2025

Christmas and New Year and our 55th wedding anniversary have all come and gone since I last sat down to write. At last, I’m released to use this calendar my daughter gave me 😊

Those who know me best know that I am intrigued by puzzles of all kinds, mysteries and whodunnits; it’s possible that I have watched most of the older British detective series in existence! I enjoy trying to see how the pieces fit, and hopefully the author is so clever that I am left puzzling until the very last chapter. I confess, few things are more satisfying to me than picking up on subtle clues and drawing the right conclusion!

But one puzzle that continues to tantalize me is the enigma of my own soul. It is interesting how, despite the tremendous tools provided by the Holy Spirit, it can be such a challenge to figure out one’s own heart and mind.  Even Paul was honest enough to recognize this: “My own behavior baffles me. For I find myself not doing what I really want to do but doing what I really loathe….In my mind I am God’s willing servant, but in my own nature I am bound fast,… to the law of sin and death…. It is an agonizing situation, and who on earth can set me free from the clutches of my sinful nature? I thank God there is a way out through Jesus Christ our Lord.” (Rom. 7:19, 7:24 JBPhillips).

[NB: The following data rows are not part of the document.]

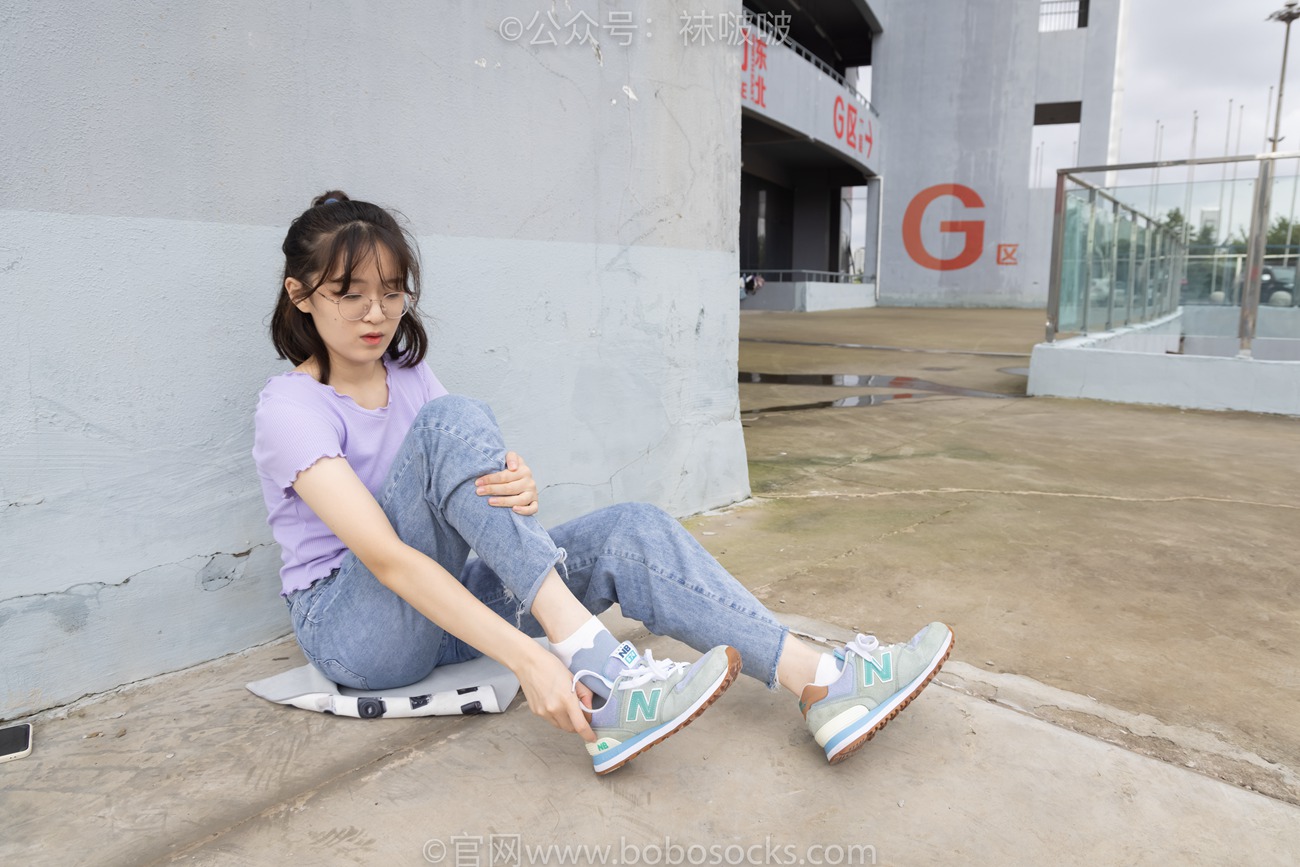 图片[43]-[BoBoSocks袜啵啵]NO.020 熊熊-NB运动鞋、蓝色短棉袜（踩脏）、裸足[150P] – 速更版-美库
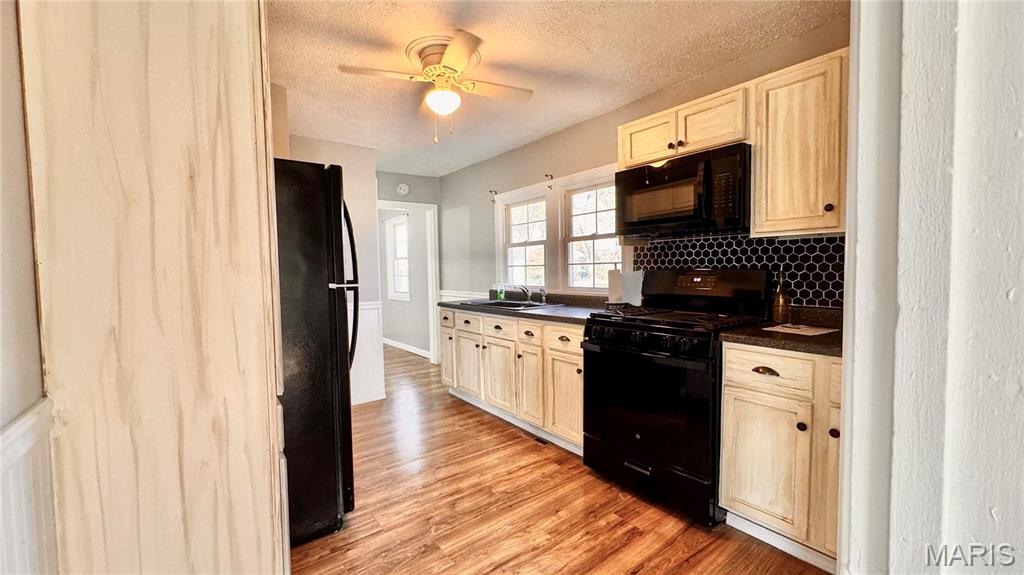 524 5th Street Bethalto, IL 62010 - Photo 10 of 36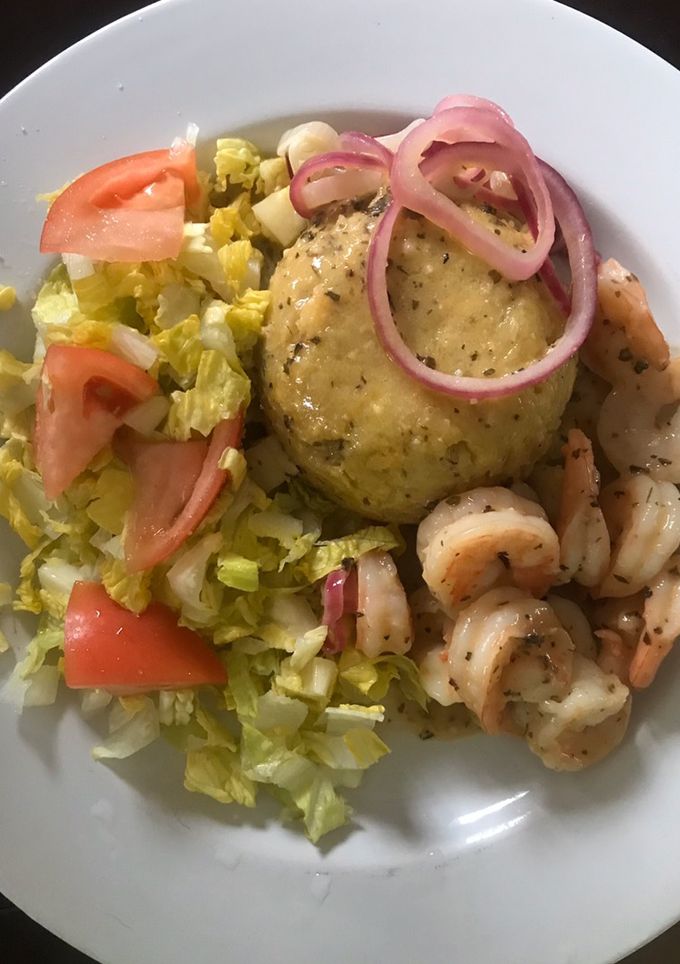 Una foto de Mangú con camarones al ajillo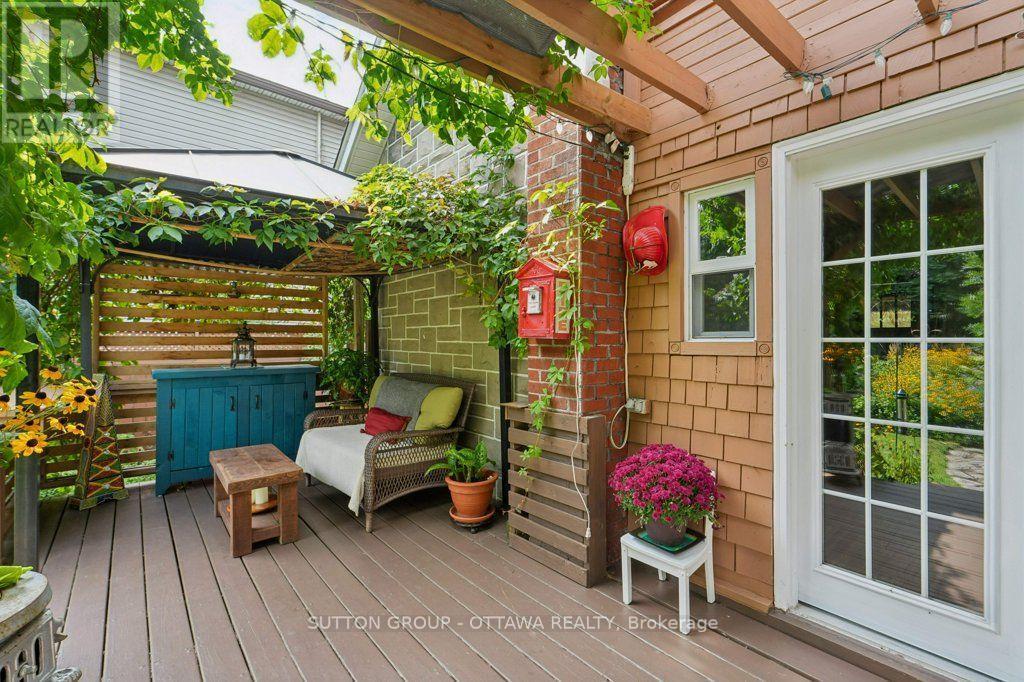 23 Pinehurst Avenue, Ottawa, ON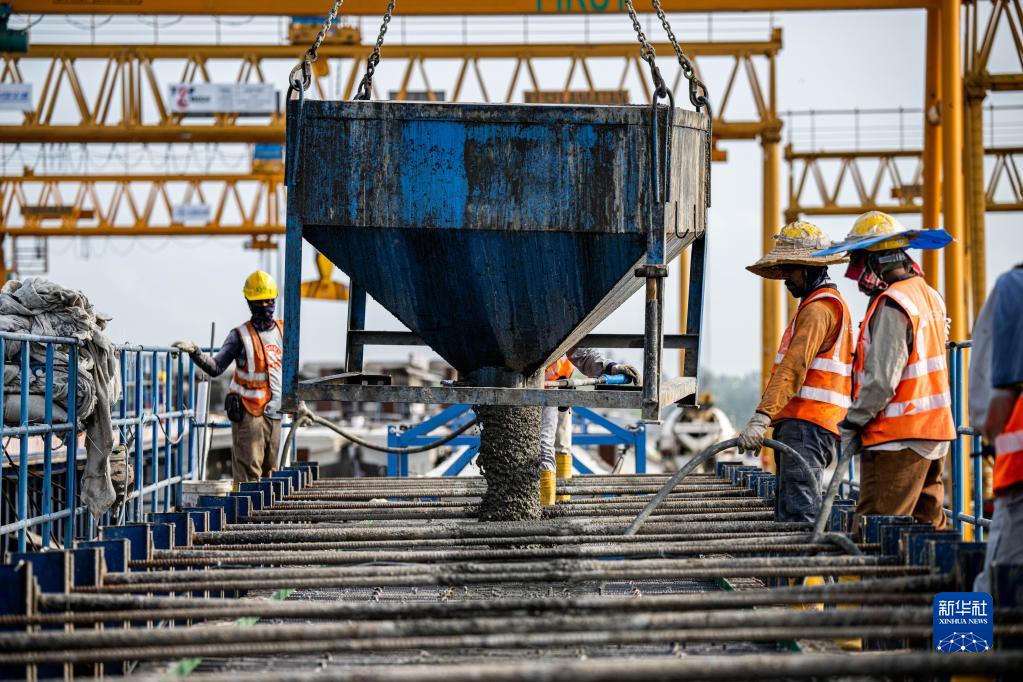 
上海中山医院黄牛代挂号电话票贩子号贩子网上预约挂号,住院检查加快,通讯：让青春在“一带一路”闪亮——记马东铁青年突击队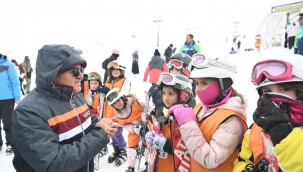 Başkan Büyükkılıç, Erciyes Kayak Okulu'nu ziyaret etti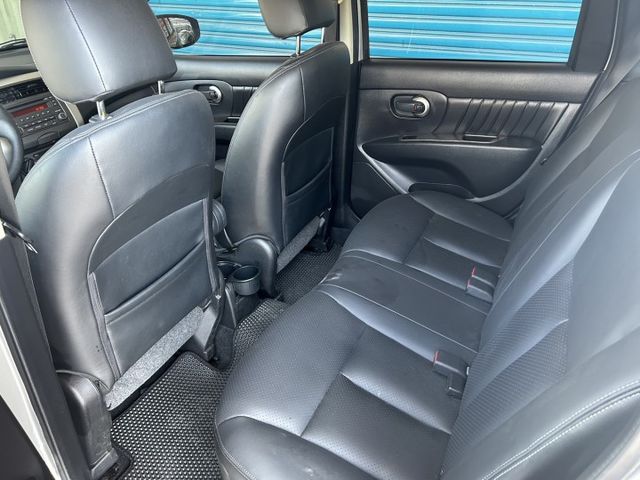 車頂旅行架/安全氣囊/後座分離傾倒/極限大空間/旅行或露營/LIVINA最行  第8張相片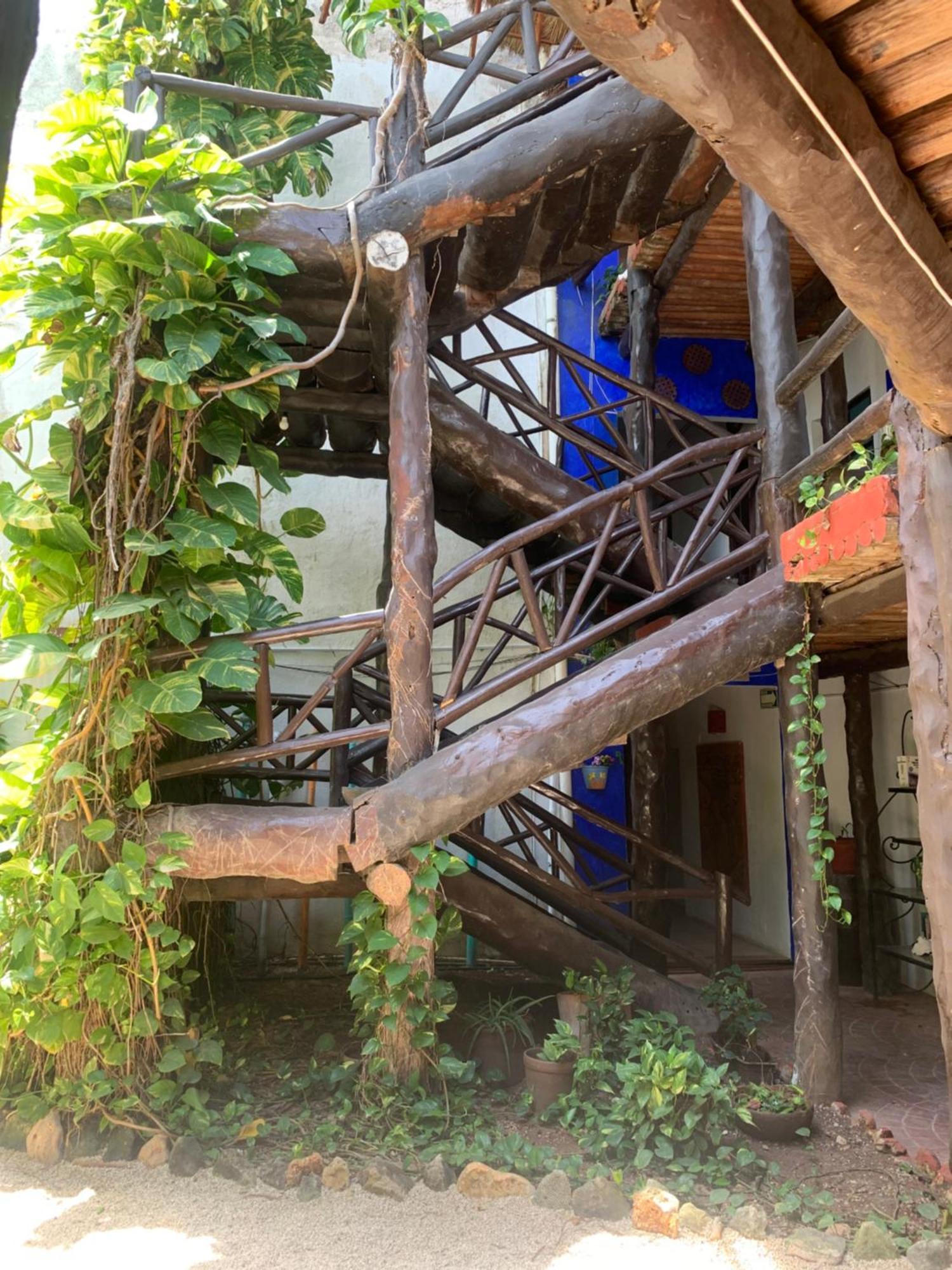 Casa Caribe Cancun Bagian luar foto Spiral staircase at the house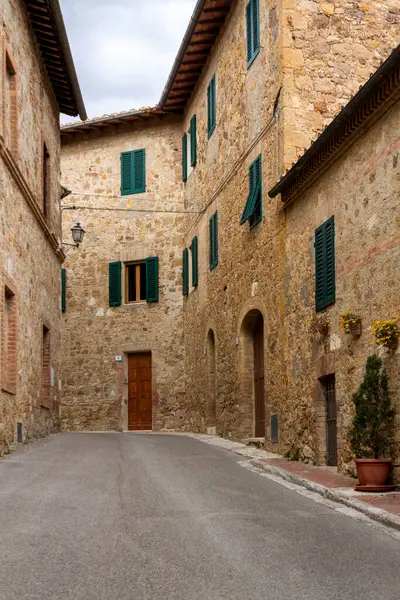 Val d 'Orcia köyünde dar bir sokak.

I wonder how many times I have raised my hands to heaven, exclaiming: “Oh Lord, here I am again! Please forgive me.” And yet, as I look back over the years, I am grateful to see that there HAS been change, that godly growth continues and although I am not what I should be, I also am not what I used to be. Paul’s honesty always encourages me: “Now the Lord is the Spirit, and where the Spirit of the Lord is, there is freedom.  And we all, who with unveiled faces contemplate the Lord’s glory, are being transformed into his image with ever-increasing glory, which comes from the Lord, who is the Spirit (2 Cor. 3:17,18).

The New Year is traditionally a time to assess the past and try to adjust it for future success. But perhaps our time is better spent forgetting the past, its failures and successes, and making the best of this day, this hour, this moment. We simply can’t afford to let today run its course without “contemplating the Lord’s glory”, and without listening for “the still, small voice”.

This is the concluding verse from a favorite poem of mine by Susan Coolidge.

New Every Morning

Every day is a fresh beginning;

Listen, my soul, to the glad refrain,

And, spite of old sorrow and older sinning,

And puzzles forecasted and possible pain,

Take heart with the day, and begin again.

May 2025 be remarkable for the bright glory of HIS presence on it from the first day to the last, regardless of circumstance!